Media & Culture

UC Berkeley Law bans AI for all graded work starting summer 2026

UC Berkeley Law’s blanket prohibition on generative AI for graded work, effective in 2026, is less a preservation of tradition than a high-stakes bet that the foundations of legal reasoning cannot be safely augmented—a bet that may produce a generation of graduates less prepared for a profession already transformed by AI.

Deep Dive

In early 2025, UC Berkeley Law School announced that starting summer 2026, students will be prohibited from using generative AI for nearly all graded assignments—from brainstorming and drafting to editing and proofreading. Only legal research and professor-approved AI tool training are exempt. Dean Erwin Chemerinsky’s policy is notably strict: the presence of hallucinated citations is treated as prima facie evidence of unauthorized AI use. This is one of the most restrictive and forward-looking bans among top U.S. law schools, set to take effect more than a year after its announcement—a deliberate signal that the institution is drawing a firmer line than its peers.

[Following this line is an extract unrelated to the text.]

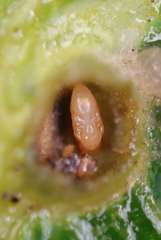 Andricus quercusutriculus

The landscape of AI policies in legal education reveals a spectrum. Harvard Law School, from fall 2023, adopted a faculty-guided approach that permits AI use with mandatory disclosure and course-specific guidelines. Stanford Law issued interim guidelines in July 2023 that allow AI for brainstorming and editing but prohibit its use for core legal analysis without explicit permission. Yale Law, as of late 2023, left policy to individual professors, creating inconsistency. Berkeley’s uniform ban stands out in its breadth and duration. The business implications are measurable: the legal AI market is already valued at over $3 billion with a 25% CAGR, and RELX (parent of LexisNexis, which owns Casetext) saw a 5% stock dip on news of the ban, as investors weighed potential headwinds from educational adoption. Yet the ban may accelerate demand for auditable AI systems that can transparently trace outputs—a niche that could grow if other institutions follow Berkeley’s lead.

The core tension lies not in whether AI is used, but in how its use is detected and what that detection assumes. Relying on hallucinated citations as a “smoking gun” is unreliable: students can delete generated citations, use models less prone to hallucination, or simply rephrase outputs. More fundamentally, the ban creates a two-tier system: students are still free to use AI for non-graded legal research, potentially giving tech-savvy students an advantage in actual knowledge acquisition while obedient students fall behind. This mirrors a hidden risk that Professor Orin Kerr articulated: the policy tries to preserve foundational skills but may inadvertently penalize those who cannot or do not use AI outside the classroom. The enforcement burden on professors is heavy, and the ban’s prohibition on brainstorming—a human process that AI merely accelerates—feels overbroad and may be challenged as pedagogically unsound. The deeper question is whether legal education’s goal is to produce graduates who can write without AI or graduates who can critically evaluate AI-generated work. Berkeley’s answer is clear, but it may leave students less prepared for a profession where AI-assisted drafting is increasingly standard.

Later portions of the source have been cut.